Ames, 66, is a former staff member of the Island Institute, which published his “Cod and Haddock Spawning Grounds in the Gulf of Maine” in 1997. The booklet described Ames’s two-year effort to gather information from older fishermen about “ripe and running” cod that once spawned in the inshore waters of Maine and Massachusetts.

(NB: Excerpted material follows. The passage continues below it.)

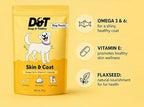 Dogs & Tiddles Skin & Coat Dog Treats for All Breeds Dog 70g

In a somewhat unusual departure from ordinary scientific publishing, the 1997 booklet included a powerful narrative, also by Ames, describing a “run” of giant cod encountered by a Jonesport fisherman, Roger Beal, Sr., on April 7, 1942. “I’d heard the story before,” Ames wrote, “but had always taken it with a grain of salt.” But in the course of his interviews for the spawning grounds project, he encountered Beal, who “finally put the issue to rest. The Machias Bay spawning run of giant cod had actually happened.” Ames’s account appeared first in Island Journal, and was then incorporated in the 1997 booklet, which also featured maps and statistics on historic inshore cod spawning areas.

“Ted Ames is a home-grown genius who has developed a whole new methodology for understanding the ecology of groundfish,” said Philip Conkling, president of the Island Institute. In 2004, following Ames’s nomination for the MacArthur grant, Conkling was asked to write an evaluation of Ames’s contributions to marine ecology.